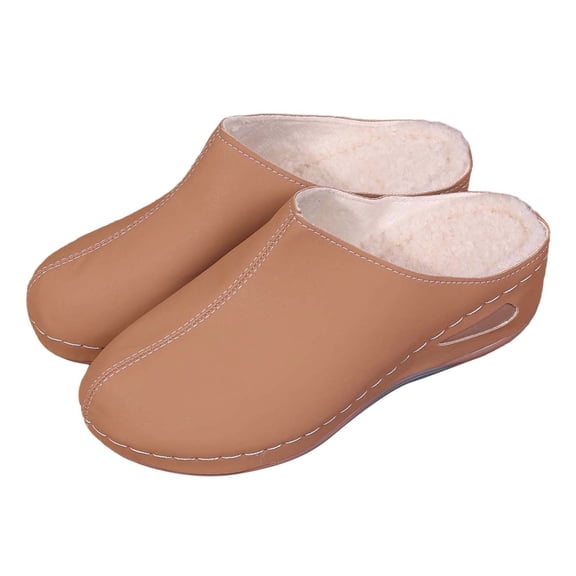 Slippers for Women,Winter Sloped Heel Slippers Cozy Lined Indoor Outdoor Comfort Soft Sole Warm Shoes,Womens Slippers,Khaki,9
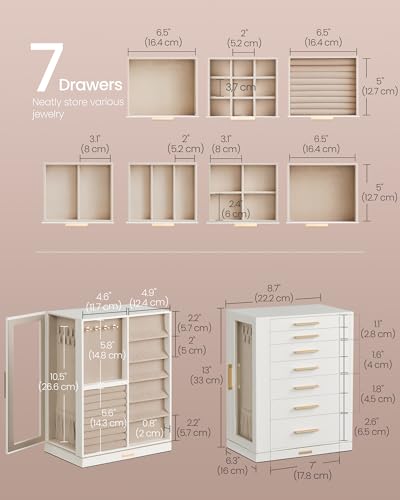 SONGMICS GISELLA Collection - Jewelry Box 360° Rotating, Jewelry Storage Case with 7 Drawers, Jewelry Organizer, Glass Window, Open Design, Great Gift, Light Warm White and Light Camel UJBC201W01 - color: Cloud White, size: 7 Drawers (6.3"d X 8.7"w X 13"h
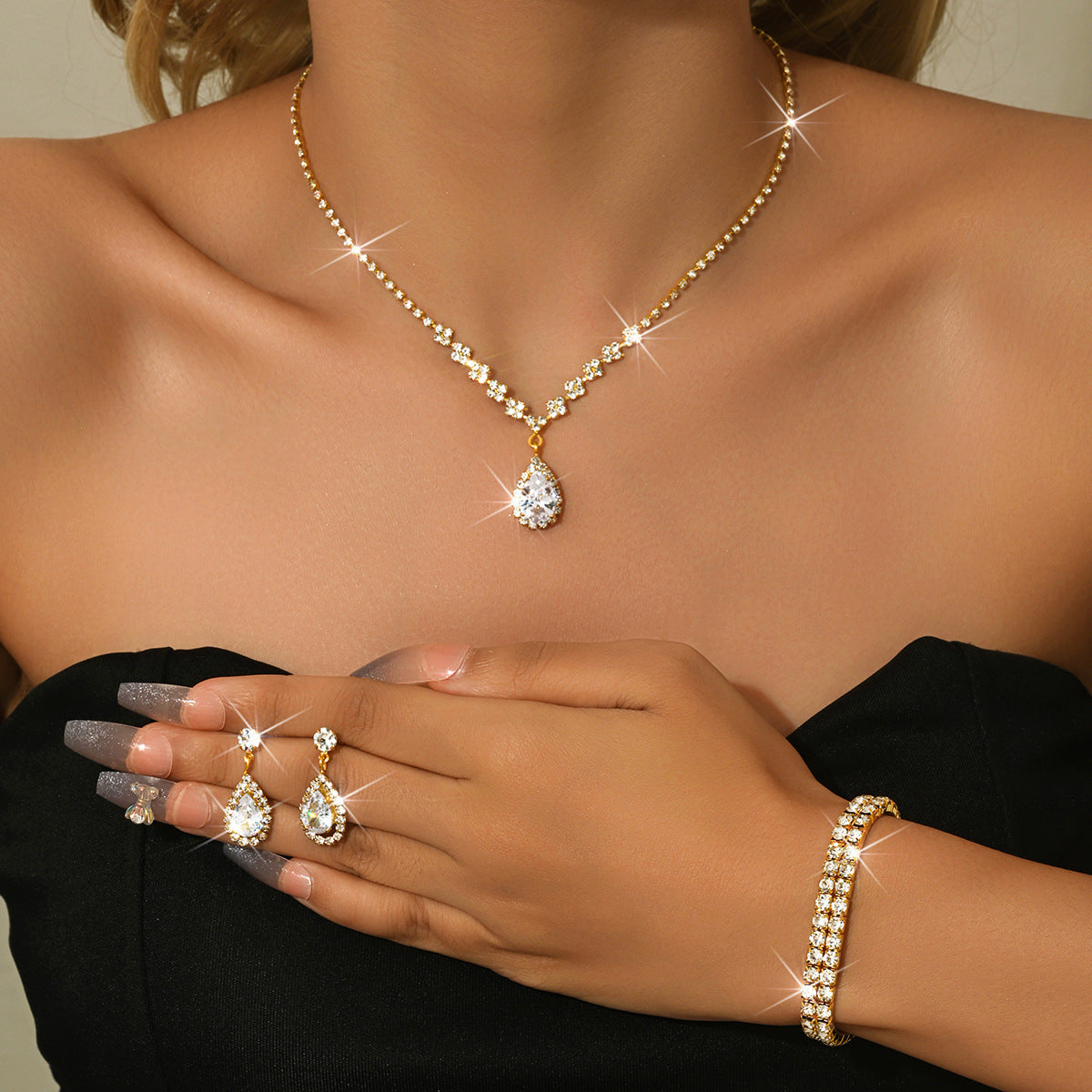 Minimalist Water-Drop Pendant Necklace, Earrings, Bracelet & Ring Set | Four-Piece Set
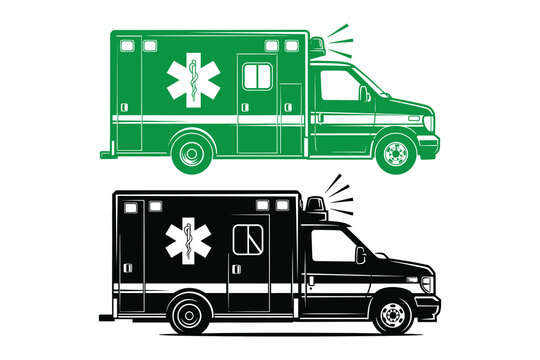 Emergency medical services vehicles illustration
····················
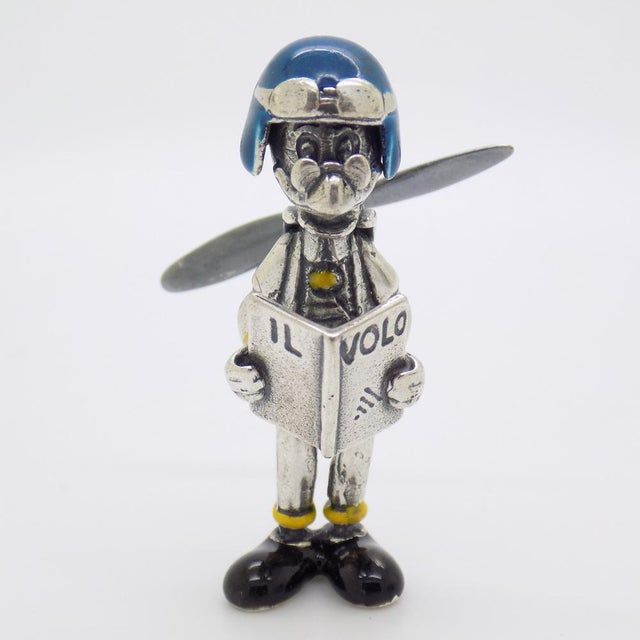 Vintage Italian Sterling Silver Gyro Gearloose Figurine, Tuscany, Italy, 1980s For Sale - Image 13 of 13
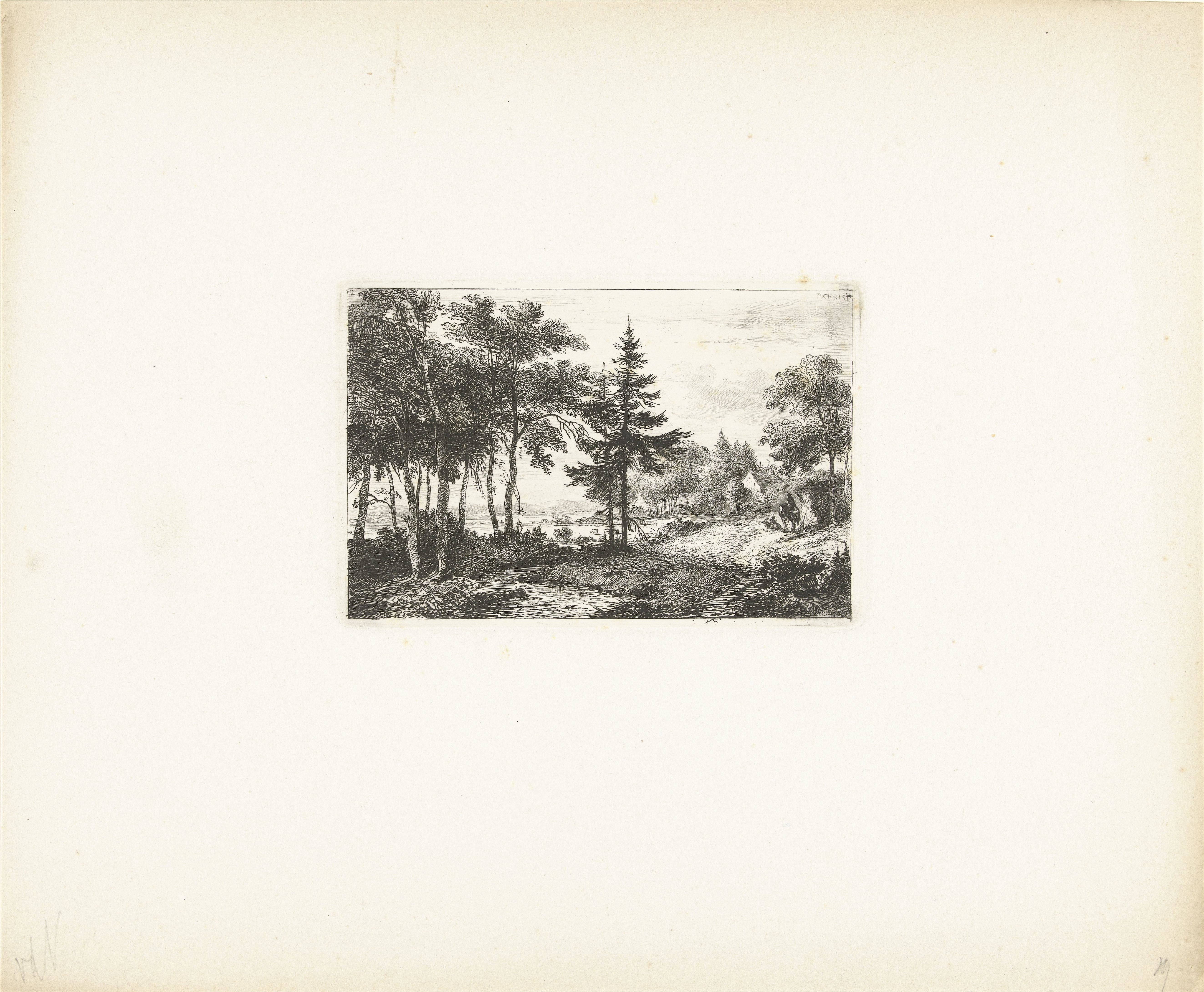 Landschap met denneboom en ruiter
····················
Write out again exactly the lines above from the one with "Slippers for Women,Winter" through the one with "Emergency medical services", adding no other lines and no pictures.

* _Answer to this problem_
 Slippers for Women,Winter Sloped Heel Slippers Cozy Lined Indoor Outdoor Comfort Soft Sole Warm Shoes,Womens Slippers,Khaki,9
 SONGMICS GISELLA Collection - Jewelry Box 360° Rotating, Jewelry Storage Case with 7 Drawers, Jewelry Organizer, Glass Window, Open Design, Great Gift, Light Warm White and Light Camel UJBC201W01 - color: Cloud White, size: 7 Drawers (6.3"d X 8.7"w X 13"h
 Minimalist Water-Drop Pendant Necklace, Earrings, Bracelet & Ring Set | Four-Piece Set
 Emergency medical services vehicles illustration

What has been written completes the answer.